Alguns bispos e padres acham que as Comunidades Eclesiais de Base são
uma fórmula política ou coisa assim. Falam isso por total falta de
conhecimento. Eu tenho quarenta anos de convivência com as CEBs,
admiro-as e fui, em parte, convertido por elas – não me converti de todo
porque tenho um coração duro. Durante esses anos vi muitos atos de
solidariedade, de amor, de ajuda ao outro. Vi pessoas caminharem dez
quilômetros para ir a uma celebração na paróquia da comunidade para
ouvir a palavra de Deus, rezar, para encontrar com outras pessoas e
reforçar a sua fé. As comunidades precisam ser incentivadas na linha da
missão. É preciso formar discípulos missionários. As santas missões
populares, que são feitas em muitas de nossas paróquias, têm sido um
instrumento para animar as comunidades, fortalecê-las e atualizá-las,
porque hoje muito mais pessoas têm acesso à leitura e sabem ler. Nesse
sentido, o Evangelho pode iluminar as situações de perigo das
comunidades em relação à droga, por exemplo, e ajudar a tomar medidas
necessárias.
Quanto às CEBs, ou elas mantêm as mesmas características ou têm que
rasgar o Ato dos Apóstolos, porque as comunidades nasceram da
ressurreição de Cristo e do Espírito Santo.
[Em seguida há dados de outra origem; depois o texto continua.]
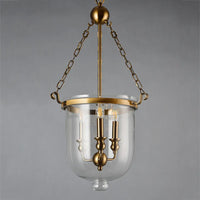 Lustre Loft Bar en verre - Style américain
Nesse sentido, o
fundamental, em primeiro lugar, é a palavra de Deus: um cristão que não
escuta a palavra e passa a escutar com os demais é muito melhor, porque
na comunidade há colaboração, partilha, e as pessoas da comunidade se
entendem melhor. Além do mais, nessas comunidades ninguém fica excluído,
porque as pessoas se conhecem. Apesar de o ritmo da eucaristia na
Amazônia ser mais devagar, porque dá para manter de duas a três
celebrações por ano, as comunidades de base precisam ser preparadas para
valorizar o sacramento da eucaristia: o corpo e o sangue de Cristo, que
deu a vida para que nós tenhamos vida, para criar a Igreja.
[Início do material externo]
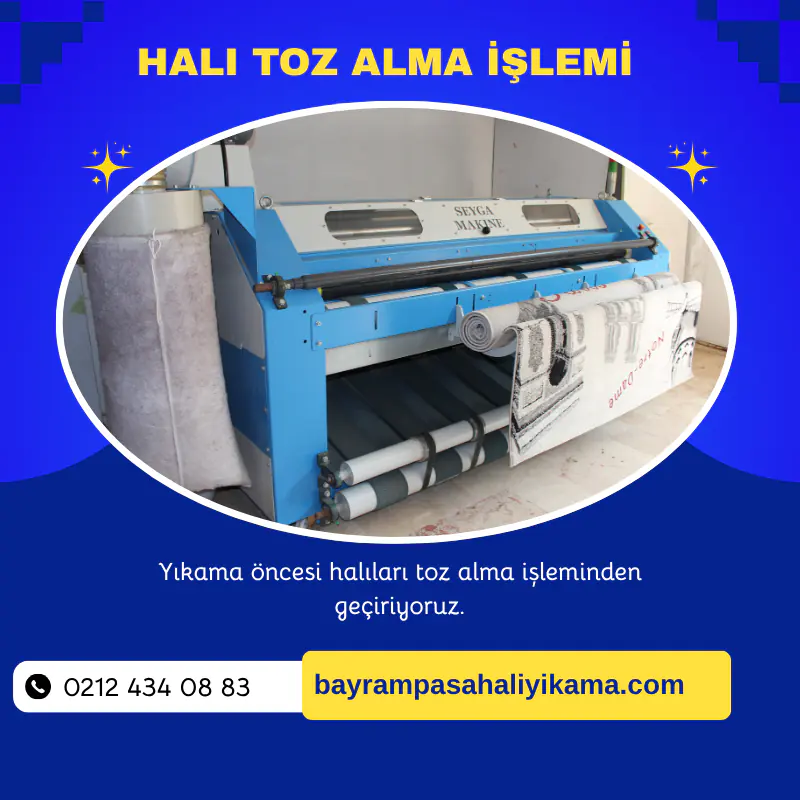 halı toz alma işlemi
E a Igreja de hoje no Brasil ?
A Igreja de hoje é a mesma dos Atos dos Apóstolos. É claro que ela
mudou, mas existem coisas que não podem ser mudadas, porque são
substanciais. Quando assisto aos programas de televisão da Igreja, vejo
que estão abençoando demais pela televisão. Deveriam insistir mais na
participação concreta e investir em programas com a substância da
proposta da Igreja: morte e ressurreição de Cristo; amor ao próximo;
perdão e amor até aos inimigos; abertura para todo homem e mulher como
irmão e irmã. Esses pontos deveriam ser mais acentuados, em vez de
benzer água. A Igreja permite e até aconselha benzer água como lembrança
do batismo, como forma de gratidão pelo batismo recebido, mas tem se
valorizado demais o devocionalismo, e esquece o fundamental da pregação.
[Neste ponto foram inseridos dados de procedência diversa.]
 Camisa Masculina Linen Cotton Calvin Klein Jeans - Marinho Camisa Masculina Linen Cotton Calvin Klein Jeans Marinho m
Além disso, a Igreja insiste muito na iniciação. Precisamos novamente
voltar a uma preparação séria, sólida do batismo em etapa, depois a
crisma, depois a eucaristia, sempre dentro de uma comunidade. É
impossível iniciar alguém na fé fora de uma comunidade; ela é
fundamental desde o começo, e assim será até o fim dos tempos.